America's Debt is worse than Greece
America's Ticking Debt Bomb: Like Greece, "Only Worse," Pento Says
Posted Jun 24, 2010 08:58am EDT
America's debt bomb is ticking and is likely to detonate in five years or less, says Michael Pento, senior market strategist at Delta Global Advisors.
"It could be much sooner when we hit the debt wall," Pento says. "My opinion doesn't matter: Math tells me we're in a serious problem."
The math Pento refers to is the Treasury Department's recent estimate that total
U.S. debt will top $13.6 trillion this year and rise to 102% of GDP by 2015. Moreover, the publicly traded debt (debt excluding intra-governmental obligations) will rise to $14 trillion by 2015, up from "just" $7.5 trillion in 2009.

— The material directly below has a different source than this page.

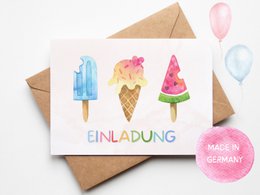 Ice Cream Birthday Party Invitation Cards for Girls and Boys, Ice Cream Invitation Cards for Kids to Fill Out with Envelopes for Ice Cream Birthday Party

At $14 trillion, the interest payments on the public debt will total about $1 trillion in 2015, he continues; even assuming solid growth and low inflation, that would equal about 30% of total government revenue. "What do you think that does to our bond market?," Pento wonders. "It leads to a dollar crisis and a bond market crisis. That's why gold refuses to go down. "
Demand for U.S. Treasuries and the dollar currently remain high, especially in the wake of the euro's slow-motion implosion. Pento admits timing this debt crisis is difficult but predicts we'll be "like Greece, but worse," in four years or less, unless we make a sudden turn toward austerity. "When we hit the debt wall it's going to be extremely pernicious, and quickly."
The only way to avoid this catastrophe, Pento says, is to "rip off the Band-Aid" and cut government spending dramatically. (Unlike Europe, he says we should cut taxes, rather than raise them.)
"You're going to have your recession/depression in the short term but on the other side of that you're going to have a viable currency a viable bond market and a viable economy," he says.
In other words: rather than continuing to kick the can down the road, Pento says we should trade short-term pain for long-term gain.